Featured in Net Zero Investor:
News that the US Securities and Exchange Commission (SEC) has launched an investigation into several asset managers, relating to their green marketing claims, is putting managers and investors on edge, as the probe may lead to a critical review of how a range of investment vehicles are packaged and presented, insiders have told Net Zero Investor.
On Tuesday, this publication reported that the US Securities and Exchange Commission’s enforcement division has sent a number of document requests, including subpoenas, to several asset managers across the U.S. relating to their environmental, social and governance investment marketing practices.
Among the SEC’s areas of inquiry are conventional investment funds that have repurposed themselves as ESG funds.
The names of the impacted asset managers could not be determined but Hester Peirce, a commissioner at the SEC, stressed that “concerns about greenwashing are genuine because advisers can profit by labelling their products and services as ‘green’ without undertaking anything exceptional to substantiate that designation.”
Experts within the green investment community have said a wider crackdown on such practices within the sustainable fund market should not be ruled out as the SEC’s regulatory action firmly puts the spotlight on how investment vehicles are packaged, presented and marketed.
It also raises questions about the credibility of managers’ claims and statements.
“Don’t be surprised if more enforcement actions come out soon,” said Michael Piwowar, a former SEC commissioner who served as acting chair in 2017, these days executive vice-president at the Milken Institute think tank in Washington, D.C.
Commenting on the SEC’s regulatory action, Jina Choi, a former head of SEC’s team in San Francisco, also thinks investors and fund managers should brace themselves for more regulatory scrutiny of investment vehicles and firms.
“ESG remains a priority area for the SEC and I would expect to see some enforcement cases before the end of the agency’s fiscal year in September,” she said.
Choi, these days a lawyer at Morrison Foerster in California, pointed out that “registered investment advisers are already subject to examination and inspection, so their statements on green or socially conscious investing can be fertile ground for investigations and action by the SEC’s enforcement division.”
Strategy before launch
Emilie Rowe, ESG lead and head of financial services at Aspectus Group, said “the SEC investigation reaffirms the necessity for an ESG communications strategy to be grounded in real business strategy.”
London-based Rowe stressed that “if these funds can truly evidence ESG credentials, then fund managers need a very clear, considered communications strategy in place before launching marketing efforts.”
With the regulator’s focus now firmly on what Rowe called “this burgeoning area of the market, firms need to ensure that their communications and distribution efforts are reflective of the investment strategies employed by such funds.”
While no US asset managers have incurred fines related to greenwashing so far this year, in 2022, Goldman Sachs and BNY Mellon were fined $4 million and $1.5 million, respectively.
This year, the German asset management firm DWS has set aside $21 million in anticipation of the fine it will face due to previous extensive greenwashing activities.

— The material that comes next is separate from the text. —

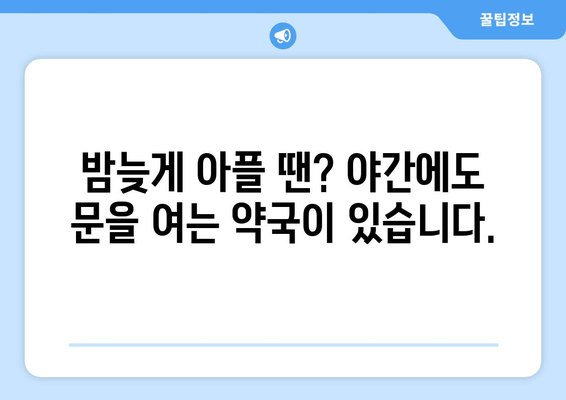 강원도 원주시 명륜2동 24시간 토요일 일요일 휴일 공휴일 야간 약국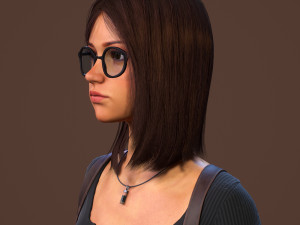 teenage girl Modello 3D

In Australia, asset manager Vanguard has incurred fines following a series of upheld allegations of greenwashing, most recently related to misleading investors regarding the implementation of ESG exclusionary screens in certain ETFs.
“A key focus of this latest investigation is into funds that have been converted from conventional investment funds into ESG funds,” observed Yann Bloch, vice president for the Americas at NeoXam.
“When making such a significant shift in the direction that a fund takes, the operational requirements behind the scenes change dramatically.”
“You are dealing with totally different types of funds, and data often sourced from a greater number of providers and in varying formats,” Bloch explained.
“To run those funds, firms have to employ ESG specialists, investment teams, and reporting teams.”
In April of this year, the SEC launched the Climate and ESG Task Force to uncover ESG-related misconduct and it has outlined rules for corporate climate risk disclosure.
However, publication has experienced repeated delays, moving from December 2022 to April of this year, and now set to be released in the autumn.